The Phil Knight Invitational starts today at 1 PM EST and the slate of teams is absolutely loaded. With six of the eight teams being ranked at some point during the season already, it’s no clear contest which team will be able to walk away victorious. We’ll go over each team and look at a reason why they’ll win the tournament, and one reason they might not.
North Carolina Tar Heels
The number one team in the country checks into Portland after surviving a couple of scares in the first week. They managed to pull away late from College of Charleston to survive what would easily be the biggest upset of the year so far, and have stayed atop the polls while turmoil happens lower in the rankings. Being the top dog is great reasoning to why the Tar Heels will win the tournament but something more concrete?
Why They’ll Win: They’ve got PLAYERS everywhere.
In UNC’s four games this season, three different players have led for the Tar Heels in scoring. RJ Davis and Caleb Love led with 17 against Wilmington, ACC Preseason Player of the Year Armando Bacot went off for 28 against Charleston, Caleb Love had 20 against Gardner-Webb, and RJ Davis’ 21 led the Heels against James Madison. It’s no surprise as to why the Tar Heels were picked as the best team in the country, they can score from anywhere.
Why They Won’t: There’s not a lot coming from the bench.
UNC’s starters are the cream of the crop, no doubt, but very few kids can play a full forty minutes of basketball (or more, if you happen to enjoy making the next game wait. Looking at you, Kentucky and MSU). North Carolina is getting just 14.5 points from their bench per game, and bench players for the Heels take up about 35 minutes on the court. It’s incredibly rare that anyone besides the starting five will contribute in a big way, and if that continues to be the case, UNC will struggle with other, deeper teams in this tournament.
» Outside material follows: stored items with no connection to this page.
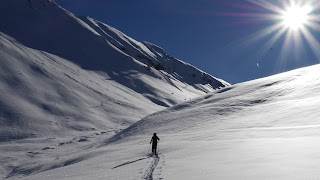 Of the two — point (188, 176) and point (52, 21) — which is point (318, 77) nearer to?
point (188, 176)

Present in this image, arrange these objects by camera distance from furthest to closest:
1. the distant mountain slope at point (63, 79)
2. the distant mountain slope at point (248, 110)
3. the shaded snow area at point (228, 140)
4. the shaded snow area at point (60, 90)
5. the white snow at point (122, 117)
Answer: the distant mountain slope at point (63, 79) → the shaded snow area at point (60, 90) → the distant mountain slope at point (248, 110) → the white snow at point (122, 117) → the shaded snow area at point (228, 140)

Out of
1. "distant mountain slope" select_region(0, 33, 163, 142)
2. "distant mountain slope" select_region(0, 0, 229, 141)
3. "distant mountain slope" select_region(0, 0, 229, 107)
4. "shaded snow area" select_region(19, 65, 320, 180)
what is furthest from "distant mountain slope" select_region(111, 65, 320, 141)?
"distant mountain slope" select_region(0, 0, 229, 107)

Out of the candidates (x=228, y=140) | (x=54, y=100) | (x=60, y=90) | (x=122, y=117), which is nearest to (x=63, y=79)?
(x=60, y=90)

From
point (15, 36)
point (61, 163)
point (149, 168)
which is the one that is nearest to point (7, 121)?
point (61, 163)

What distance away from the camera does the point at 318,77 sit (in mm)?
44812

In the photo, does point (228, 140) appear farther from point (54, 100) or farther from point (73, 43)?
point (73, 43)

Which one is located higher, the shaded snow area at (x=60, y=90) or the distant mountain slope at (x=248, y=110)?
the shaded snow area at (x=60, y=90)

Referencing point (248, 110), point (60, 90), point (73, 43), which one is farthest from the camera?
point (73, 43)

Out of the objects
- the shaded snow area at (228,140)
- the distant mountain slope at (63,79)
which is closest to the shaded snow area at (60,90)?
the distant mountain slope at (63,79)

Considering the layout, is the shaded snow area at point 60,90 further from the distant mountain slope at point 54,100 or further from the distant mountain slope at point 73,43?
the distant mountain slope at point 73,43

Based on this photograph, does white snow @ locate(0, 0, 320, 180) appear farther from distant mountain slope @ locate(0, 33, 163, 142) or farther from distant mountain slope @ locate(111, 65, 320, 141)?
distant mountain slope @ locate(0, 33, 163, 142)

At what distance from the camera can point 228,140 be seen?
2036 centimetres

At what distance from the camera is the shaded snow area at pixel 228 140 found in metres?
11.2

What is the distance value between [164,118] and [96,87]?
59430 millimetres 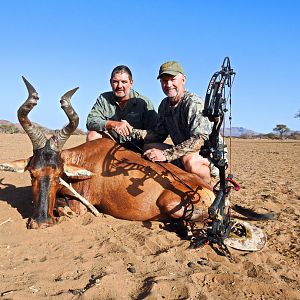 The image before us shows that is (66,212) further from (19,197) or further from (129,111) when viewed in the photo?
(129,111)

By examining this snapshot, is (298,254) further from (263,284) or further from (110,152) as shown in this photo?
(110,152)

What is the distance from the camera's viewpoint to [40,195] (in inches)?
191

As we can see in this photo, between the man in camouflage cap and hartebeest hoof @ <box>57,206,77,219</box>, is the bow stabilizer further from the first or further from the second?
hartebeest hoof @ <box>57,206,77,219</box>

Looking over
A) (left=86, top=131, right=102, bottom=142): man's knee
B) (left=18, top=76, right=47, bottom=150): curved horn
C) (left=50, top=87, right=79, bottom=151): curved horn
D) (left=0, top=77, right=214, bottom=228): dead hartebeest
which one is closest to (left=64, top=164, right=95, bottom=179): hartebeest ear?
(left=0, top=77, right=214, bottom=228): dead hartebeest

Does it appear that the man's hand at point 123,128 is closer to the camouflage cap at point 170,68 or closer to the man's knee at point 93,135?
the man's knee at point 93,135

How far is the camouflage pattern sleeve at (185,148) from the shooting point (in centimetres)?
512

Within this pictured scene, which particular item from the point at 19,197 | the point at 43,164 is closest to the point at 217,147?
the point at 43,164

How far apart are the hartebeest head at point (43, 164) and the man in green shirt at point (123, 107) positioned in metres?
1.44

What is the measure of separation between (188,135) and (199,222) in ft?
4.45

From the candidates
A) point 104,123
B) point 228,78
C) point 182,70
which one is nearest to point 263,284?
point 228,78

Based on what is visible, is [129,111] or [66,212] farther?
[129,111]

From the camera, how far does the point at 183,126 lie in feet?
18.9

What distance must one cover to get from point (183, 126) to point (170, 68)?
865 millimetres

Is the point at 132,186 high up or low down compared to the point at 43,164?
down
The hosts of this tournament have really been thrown into the lions’ den here. And not the Detroit Lions, who haven’t really been all too scary. The closest team to Portland’s level here is probably Iowa State, and even then Iowa State has been a decent squad in recent years. It would take miracles probably close to the level of Chaminade winning a game at Maui for Portland to come close to winning this tournament, but this is college basketball. Every team has their shot, and for Portland?
Why They’ll Win: Tyler Robertson is actually kinda good.
He’s not going to jump off the page any night. He probably won’t get his name called in the draft. But Portland’s 4-2 start to the season is built around Robertson’s performance. He has yet to fail to reach double-digits in points, including a monster 32 point game against rival Portland State, and he’s also great at getting boards and finding teammates for assists. He’s a great centerpiece to a Pilots squad that has usually been not much better than a dumpster fire over their time as a program. Consistency from him can help the Pilots try to fight their way out of the WCC basement.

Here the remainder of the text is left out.